Maybe some writers are only able to write about certain events and situations in past tense. "Yesterday was my birthday." Or "Yesterday I met an old friend." They need a certain distance. It does not mean that they don't want to write about it right away. If they had, the story could've been different, maybe more honest. "I am mad at her for not writing to me all these years" instead of "We had not seen each other for so long."
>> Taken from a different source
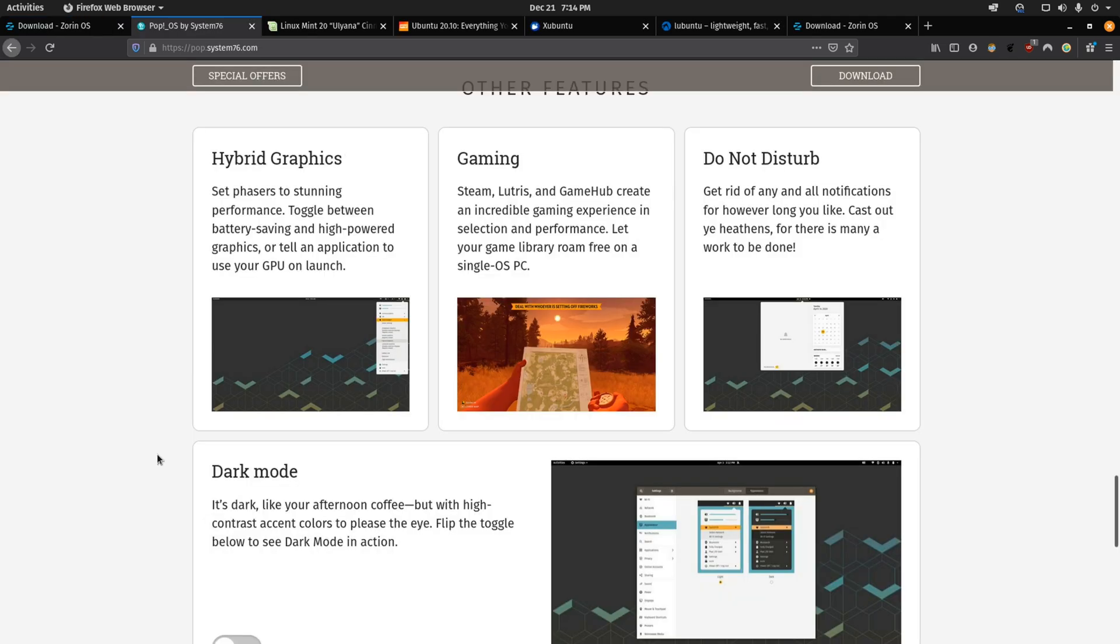And then we have PopOS which is also based on Ubuntu. It's also a very stable OS and it does seem to cater to power users a little bit more, especially if you want a good distro for gaming and for productivity and programming. They have a lot of built-in features. Their default layout might be a little bit different from what you may be familiar with on Windows and Mac.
From early age, when I first started writing in my early teen years, I have consulted my diary entries on many occasions. My first novel, "When the tigers smoked" (Da tigrene røykte, Damm 2007) is loosely based on my own experience as an adoptee traveling back to my birth country South-Korea even though the narrative self in the novel, Katinka, was very different from my own, personal voice. Maybe my novel would've been different had it not been for the fact that my diaries from the year I traveled to South-Korea, 1991 and 1992 respectively, are missing. Was there a secret hiding in those diary entries? I will never know.

My theory is this: If you're a writer or want to be a writer and you want to write something, then start with yourself. It can be simple, it can be complicated, but at least, it will be honest. After all, one of the most famous books of all times was a diary, Anne Frank's Diary. Not only was it never suppose to be published (aka secret), but after her death it was even banned (considered too honest about being Jewish) in many countries for a while. Franz Kafka, another famous writer, also wrote diary. He always wrote strictly about literature and writing, never about his private life. He kept that part a secret. Virginia Woolf's diaries is being read as part of her authorship. The common thing I find between these writers, are that they never intended these diaries to be published.

Maybe there are secrets you cannot write about. But think about it. If there were no secrets left to tell, we wouldn't have some much fun writing about them.

Maybe this blog would've been different if I wrote it last night. After all, I was suppose to post it yesterday.

Day 1

Day 1: About the difficulty of writing and the beauty of writing.

The Chilean writer Isabelle Allende once said: "The first lie of fiction is that the author brings some order to the chaos of life." Perhaps writing is suppose to be a mystery. There's certainly many writers that encourage that myth. Yes, writing is difficult. Virginia Woolf only wrote for 1 or 2 hours in the mornings. Then she spent the rest of her day reading and writing essays. In the afternoon, she revised what she wrote in the morning. Other writers prefer night-time or isolation in order to concentrate. Yes, it is sometimes best to isolate yourself from the world in order to create your own, fictious world. Some would even say that writing is impossible. A writer has to be his or her own reader, marketing manager, strategic consultant, problem-solver, not to mention, his or her own, crisis coordinator. But most of all, a writer has to develop his or her own narrative. His or her own language that defines them as a writer. The writer Jim Grace says: "Narrative is not just for novelists. Writers simply formalize between covers what is an essential life skill for human beings. To have no spoken narrative skill is a form of autism." Maybe I don't agree with Grace that everyone should know how to narrate his or her course of day the way a novelist do. After all, human beings has different life skills. But I do agree with him that a narrative skill is a writer's magic spell. I would except that a writer would surprise and impress me and even challenge me with his or her narrative skills. I except nothing less for my own writing. Which is why it is difficult. Back to point 1.

Writing is the stuff that dreams are made of. Or was that poetry? The Japanese writer Yukio Mishima writes in "Thirst for Love" from 1969:

"Life - this limitless, complex sea, filled with assorted flotsam, brimming with capricious, violent and yet eternally transparent blues and green."

Yes. It is possible to except the impossible and yet, it is also the beauty of it.